Guiding Force In Santa Barbara County Disaster Preparedess And Relief Set To Retire
Rob Lewin is looking forward to being able to get some real rest for the first time in four years. That was when he became Director of Santa Barbara County’s Office of Emergency Management. In four years, he faced six major fires, the Alamo, Ray, Sherpa, Whittier, Thomas, and Holiday brush fires. On top of that, there was the deadly 1/9 debris flow in Montecito. Lewin is planning to retire this spring.
He admits when he took the job, he had no clue the county would face so many major emergencies in such a short period of time.
One of the biggest issues the Office of Emergency Management faces is deciding when evacuation orders need to be issued. He says the challenge is getting the public to go, especially when storms poses a threat. Lewin says it’s easier to get people to heed evacuation orders for fires, because the threat is often more visible.
Lewin says they’ve worked hard to insure evacuation orders are focused on when there’s a real threat this rainfall, and have been able to limit the amount of time people have been forced out of their homes. Looking back on the deadly 1/9 debris flow, he admits it’s difficult to think at it now, knowing it could happen, working to prepare and warn people, and still seeing the loss of life.

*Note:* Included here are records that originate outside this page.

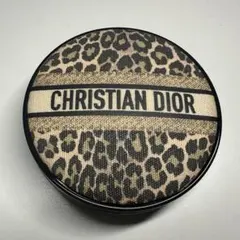 ディオールスキン フォーエバーグロウ クッション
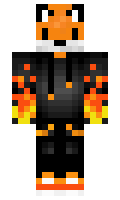 FactionsSaimen minecraft skin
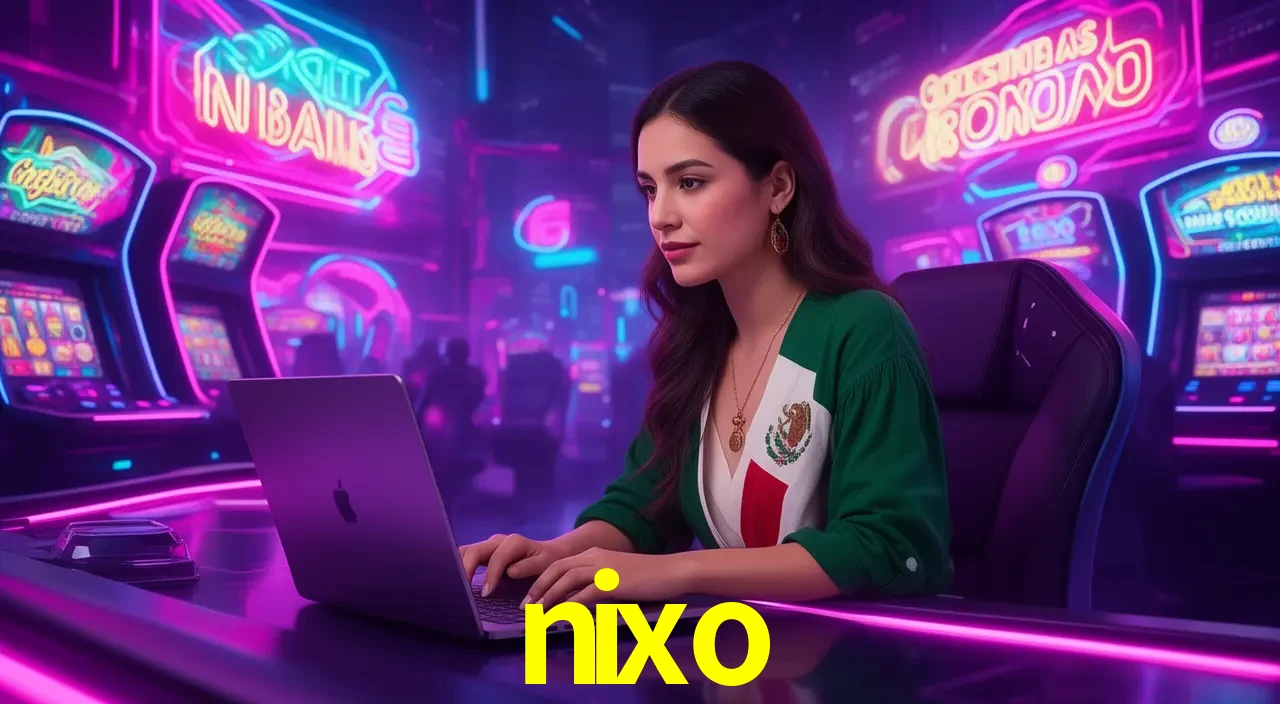nixo Apuestas Deportivas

Lewin is no stranger to disasters. He was a firefighter on the Central Coast for nearly four decades, and was the Calfire/San Luis Obispo County Fire Chief when he retired. He then joined Santa Barbara County. Lewin says despite everything the region has been through, we need to be prepared, because things like brush fires and debris flows are part of the new norm as a result of climate change.
Lewin is hoping to share some of the lessons we’ve learned with other emergency planners and first responders around the country, through a consulting business. It would be heard to find someone who’s faced as many emergencies during their career.